Digital assets are an important part of your life and legacy planning. As such, they should be included in your EstateBox.
Learning about laws with respect to fiduciary access to digital assets is part of the learning journey as we get comfortable with digital assets in addition to other elements of the digital assets planning equation. We’ve brought technology into our homes, our lives and our legacy. So too do we need to bring digital lifestyle planning into our estate plans.
With the notable exceptions of Alberta and Saskatchewan, current privacy legislation does not allow for executors, trustees, or administrators of estates to access digital assets in an efficient manner.
Currently, British Columbia, Manitoba, New Brunswick, Newfoundland and Labrador, Northwest Territories, Nova Scotia, Nunavut, Ontario, Prince Edward Island, Québec, and the Yukon make it challenging for executors, trustees, or administrators to access the digital assets of a deceased individual. In these provinces and territories, there is no specific legislation granting access to digital assets by executors, trustees, or administrators unless that information has explicitly been provided by the deceased within their will.

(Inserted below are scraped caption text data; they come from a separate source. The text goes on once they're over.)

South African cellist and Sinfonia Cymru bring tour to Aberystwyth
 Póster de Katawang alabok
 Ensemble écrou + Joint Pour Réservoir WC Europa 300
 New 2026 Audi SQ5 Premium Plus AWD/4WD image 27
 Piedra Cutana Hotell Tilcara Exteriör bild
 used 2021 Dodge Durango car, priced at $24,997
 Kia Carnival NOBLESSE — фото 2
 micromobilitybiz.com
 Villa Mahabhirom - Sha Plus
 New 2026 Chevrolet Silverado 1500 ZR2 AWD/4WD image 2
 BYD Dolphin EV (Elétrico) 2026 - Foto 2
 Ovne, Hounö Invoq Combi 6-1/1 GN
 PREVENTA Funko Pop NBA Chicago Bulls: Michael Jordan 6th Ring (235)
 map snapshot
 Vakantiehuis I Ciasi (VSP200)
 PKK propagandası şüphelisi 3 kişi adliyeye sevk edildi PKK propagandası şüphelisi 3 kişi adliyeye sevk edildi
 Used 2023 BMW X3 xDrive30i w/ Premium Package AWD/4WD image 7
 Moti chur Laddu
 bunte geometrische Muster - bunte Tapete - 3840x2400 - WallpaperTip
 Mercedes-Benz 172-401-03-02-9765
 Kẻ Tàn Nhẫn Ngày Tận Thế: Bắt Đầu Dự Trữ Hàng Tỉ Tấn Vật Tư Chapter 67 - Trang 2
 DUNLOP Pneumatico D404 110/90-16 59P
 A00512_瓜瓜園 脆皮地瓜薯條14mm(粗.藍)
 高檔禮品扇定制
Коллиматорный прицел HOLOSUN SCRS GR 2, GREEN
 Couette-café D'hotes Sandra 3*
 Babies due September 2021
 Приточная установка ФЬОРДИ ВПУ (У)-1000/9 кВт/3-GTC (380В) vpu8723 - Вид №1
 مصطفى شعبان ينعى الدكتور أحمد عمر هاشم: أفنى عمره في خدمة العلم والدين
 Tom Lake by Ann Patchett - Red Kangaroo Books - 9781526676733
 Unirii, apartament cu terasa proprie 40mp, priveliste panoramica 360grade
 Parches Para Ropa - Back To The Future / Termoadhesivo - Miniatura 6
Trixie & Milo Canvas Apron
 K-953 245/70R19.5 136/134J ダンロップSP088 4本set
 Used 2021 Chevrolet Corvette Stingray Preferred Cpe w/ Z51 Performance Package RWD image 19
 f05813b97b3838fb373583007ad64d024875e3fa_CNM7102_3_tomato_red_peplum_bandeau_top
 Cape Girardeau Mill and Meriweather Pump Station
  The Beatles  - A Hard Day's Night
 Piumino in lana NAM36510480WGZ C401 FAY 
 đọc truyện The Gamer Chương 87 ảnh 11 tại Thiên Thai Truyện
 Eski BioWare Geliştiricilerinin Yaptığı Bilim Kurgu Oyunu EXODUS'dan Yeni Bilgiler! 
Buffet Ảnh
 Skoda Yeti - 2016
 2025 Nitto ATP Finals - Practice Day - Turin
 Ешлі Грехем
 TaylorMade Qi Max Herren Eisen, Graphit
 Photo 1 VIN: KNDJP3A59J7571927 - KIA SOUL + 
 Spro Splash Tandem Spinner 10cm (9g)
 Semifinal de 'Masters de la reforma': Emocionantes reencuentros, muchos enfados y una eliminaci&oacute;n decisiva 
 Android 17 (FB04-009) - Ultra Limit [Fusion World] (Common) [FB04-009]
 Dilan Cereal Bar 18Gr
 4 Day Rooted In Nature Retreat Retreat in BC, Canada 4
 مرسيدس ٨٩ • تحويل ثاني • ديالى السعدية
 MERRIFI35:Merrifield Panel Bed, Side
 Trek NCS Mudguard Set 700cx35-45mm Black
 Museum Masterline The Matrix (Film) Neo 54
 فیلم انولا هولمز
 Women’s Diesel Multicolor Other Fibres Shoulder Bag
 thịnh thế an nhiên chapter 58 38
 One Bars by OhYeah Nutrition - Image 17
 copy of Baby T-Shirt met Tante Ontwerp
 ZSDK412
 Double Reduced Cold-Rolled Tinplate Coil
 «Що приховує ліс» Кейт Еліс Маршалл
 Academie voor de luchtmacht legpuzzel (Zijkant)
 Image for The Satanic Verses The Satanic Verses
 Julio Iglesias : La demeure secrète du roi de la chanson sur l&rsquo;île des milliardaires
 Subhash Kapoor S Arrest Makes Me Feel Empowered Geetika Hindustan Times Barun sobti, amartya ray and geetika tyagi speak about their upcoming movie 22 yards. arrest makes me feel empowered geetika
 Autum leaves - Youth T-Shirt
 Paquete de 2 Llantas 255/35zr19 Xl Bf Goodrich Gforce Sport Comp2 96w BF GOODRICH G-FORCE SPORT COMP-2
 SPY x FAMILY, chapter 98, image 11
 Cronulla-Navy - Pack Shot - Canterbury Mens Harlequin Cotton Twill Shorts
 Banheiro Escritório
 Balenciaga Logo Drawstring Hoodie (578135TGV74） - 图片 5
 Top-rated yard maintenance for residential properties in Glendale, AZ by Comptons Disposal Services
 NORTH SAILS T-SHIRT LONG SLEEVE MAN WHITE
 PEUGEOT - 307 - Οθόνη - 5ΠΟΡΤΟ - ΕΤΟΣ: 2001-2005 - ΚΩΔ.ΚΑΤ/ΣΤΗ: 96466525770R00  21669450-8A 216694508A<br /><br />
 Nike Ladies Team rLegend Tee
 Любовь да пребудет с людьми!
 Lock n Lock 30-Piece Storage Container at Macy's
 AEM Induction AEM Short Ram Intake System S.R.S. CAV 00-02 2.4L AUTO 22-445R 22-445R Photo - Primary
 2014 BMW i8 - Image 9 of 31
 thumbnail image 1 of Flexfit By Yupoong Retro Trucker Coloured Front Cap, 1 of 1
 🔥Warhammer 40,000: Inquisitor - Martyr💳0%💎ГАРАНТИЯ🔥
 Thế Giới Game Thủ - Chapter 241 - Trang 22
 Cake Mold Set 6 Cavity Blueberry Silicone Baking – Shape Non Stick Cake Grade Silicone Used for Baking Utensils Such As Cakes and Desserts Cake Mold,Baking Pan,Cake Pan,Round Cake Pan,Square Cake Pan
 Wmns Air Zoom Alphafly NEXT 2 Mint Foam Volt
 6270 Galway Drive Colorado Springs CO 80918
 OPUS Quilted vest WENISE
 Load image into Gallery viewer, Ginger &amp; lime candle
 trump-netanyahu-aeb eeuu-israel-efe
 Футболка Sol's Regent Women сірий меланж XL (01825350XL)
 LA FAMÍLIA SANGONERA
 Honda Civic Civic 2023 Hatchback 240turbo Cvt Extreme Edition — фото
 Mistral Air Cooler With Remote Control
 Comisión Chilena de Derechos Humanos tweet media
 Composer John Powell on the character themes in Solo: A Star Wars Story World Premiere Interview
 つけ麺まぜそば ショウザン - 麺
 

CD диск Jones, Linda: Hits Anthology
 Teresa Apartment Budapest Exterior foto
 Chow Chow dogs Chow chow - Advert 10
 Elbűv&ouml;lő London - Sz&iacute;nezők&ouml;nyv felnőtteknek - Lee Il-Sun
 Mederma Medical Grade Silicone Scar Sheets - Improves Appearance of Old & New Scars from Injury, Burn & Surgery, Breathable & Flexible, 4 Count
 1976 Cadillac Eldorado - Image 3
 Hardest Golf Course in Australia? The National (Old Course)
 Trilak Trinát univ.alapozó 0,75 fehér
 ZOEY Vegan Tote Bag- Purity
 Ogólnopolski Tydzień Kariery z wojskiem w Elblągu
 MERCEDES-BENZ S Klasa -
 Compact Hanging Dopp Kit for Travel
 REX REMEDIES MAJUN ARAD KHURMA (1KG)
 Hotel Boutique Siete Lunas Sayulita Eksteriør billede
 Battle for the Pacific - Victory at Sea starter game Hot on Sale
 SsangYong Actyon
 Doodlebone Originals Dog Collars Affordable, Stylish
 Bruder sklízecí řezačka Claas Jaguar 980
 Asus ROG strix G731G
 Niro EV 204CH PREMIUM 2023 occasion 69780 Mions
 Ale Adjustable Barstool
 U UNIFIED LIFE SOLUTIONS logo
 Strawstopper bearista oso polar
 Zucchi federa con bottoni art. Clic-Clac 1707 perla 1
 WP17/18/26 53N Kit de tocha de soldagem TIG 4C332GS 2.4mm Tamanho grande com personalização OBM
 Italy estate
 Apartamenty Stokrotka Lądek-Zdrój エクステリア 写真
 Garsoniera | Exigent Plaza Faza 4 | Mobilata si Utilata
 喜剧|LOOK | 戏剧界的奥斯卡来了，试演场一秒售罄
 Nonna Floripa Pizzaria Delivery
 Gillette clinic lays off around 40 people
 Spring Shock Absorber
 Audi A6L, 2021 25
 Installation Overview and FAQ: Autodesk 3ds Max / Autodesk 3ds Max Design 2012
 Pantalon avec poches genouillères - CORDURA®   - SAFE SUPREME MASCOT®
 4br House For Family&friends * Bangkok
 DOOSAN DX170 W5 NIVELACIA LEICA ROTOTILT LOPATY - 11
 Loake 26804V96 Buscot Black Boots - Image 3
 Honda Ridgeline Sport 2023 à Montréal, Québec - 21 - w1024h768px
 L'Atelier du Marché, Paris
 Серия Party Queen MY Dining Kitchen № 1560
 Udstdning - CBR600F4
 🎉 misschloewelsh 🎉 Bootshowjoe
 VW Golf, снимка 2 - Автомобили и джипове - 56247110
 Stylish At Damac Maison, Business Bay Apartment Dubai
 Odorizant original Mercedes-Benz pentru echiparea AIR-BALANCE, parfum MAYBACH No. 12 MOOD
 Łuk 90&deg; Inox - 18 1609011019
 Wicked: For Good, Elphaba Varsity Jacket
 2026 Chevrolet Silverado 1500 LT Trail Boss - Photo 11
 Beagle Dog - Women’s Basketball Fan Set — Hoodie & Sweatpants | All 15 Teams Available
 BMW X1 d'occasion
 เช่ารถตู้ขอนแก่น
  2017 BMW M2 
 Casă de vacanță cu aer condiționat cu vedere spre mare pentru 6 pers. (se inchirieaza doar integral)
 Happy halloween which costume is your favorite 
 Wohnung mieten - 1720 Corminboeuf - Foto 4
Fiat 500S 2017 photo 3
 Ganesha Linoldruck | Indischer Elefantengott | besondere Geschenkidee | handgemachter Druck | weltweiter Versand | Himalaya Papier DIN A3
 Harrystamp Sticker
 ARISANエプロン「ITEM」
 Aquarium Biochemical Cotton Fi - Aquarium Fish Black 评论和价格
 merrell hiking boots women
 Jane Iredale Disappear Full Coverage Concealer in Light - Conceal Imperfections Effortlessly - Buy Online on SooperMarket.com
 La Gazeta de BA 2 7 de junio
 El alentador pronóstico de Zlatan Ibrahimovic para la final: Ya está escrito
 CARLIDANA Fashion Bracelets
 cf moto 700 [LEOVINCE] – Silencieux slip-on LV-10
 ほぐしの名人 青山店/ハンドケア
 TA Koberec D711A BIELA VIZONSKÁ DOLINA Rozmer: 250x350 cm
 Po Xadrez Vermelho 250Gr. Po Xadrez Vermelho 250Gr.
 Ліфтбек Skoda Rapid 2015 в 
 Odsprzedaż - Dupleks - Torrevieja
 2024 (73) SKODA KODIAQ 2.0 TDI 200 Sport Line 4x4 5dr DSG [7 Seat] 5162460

In Alberta, the legislation was updated to clarify the authority of a trustee when administering an estate. That authority now extends to digital assets. This means that digital assets are intended to be included within the scope of estate assets that a trustee is authorized to administer.
Saskatchewan is the only province in Canada to enact legislation related to digital assets and estate planning based on the Uniform Law Conference of Canada. The Act creates a default rule that a Fiduciary (as named in your will or power of attorney) is able to access the digital devices of the respective individual which they are in the Fiduciary relationship with.
This default rule can be changed by the terms of a will of the deceased; letters of administration; a guardianship order; a power of attorney; a trust; or by court order. The Act creates a default rule that a Fiduciary will have access to any personal property that has the capability of storing digital assets, subject to the intentions provided in a will, power of attorney, or trust. This would include, for example, a computer, cellphone, tablet or external hard drive. Saskatchewan provides the most efficient way to access the digital devices of a deceased individual which can make it easier to access the digital assets.
While accessing digital devices is an important step in gaining access to digital assets there are other issues that may arise. For example, many digital assets will be password protected, encrypted, or stored in the cloud. While Saskatchewan’s legislation provides a more efficient route to getting access to digital devices, it is crucial to include the location, passwords, and other access information for all digital assets when developing your estate plan. Having your beneficiaries access your digital device is an important step, but gaining access to the digital assets can be a further challenge if they are not provided with the proper information.
United States fiduciary access laws based on RUFADAA (Revised Uniform Fiduciary Access to Digital Assets) have been adopted in most US states. As this is where the majority of the US tech giants live, they require directives for digital assets while living. This is why we see Canadians needing a US court order to access Google or Facebook if they don’t use their platform specific pre-planning tools. Adding a digital assets clause to a Will is a starting point in helping your executor/fiduciary access these accounts.
It’s critical to understand the local legislation that is or is not in place surrounding digital assets and estate planning. For example, what the Fiduciary/Executor is allowed to do will be important to understanding as a first step in digital asset planning. Failing to research and take planning steps for digital assets could mean digital assets are difficult to access or even permanently lost after an individual passes away.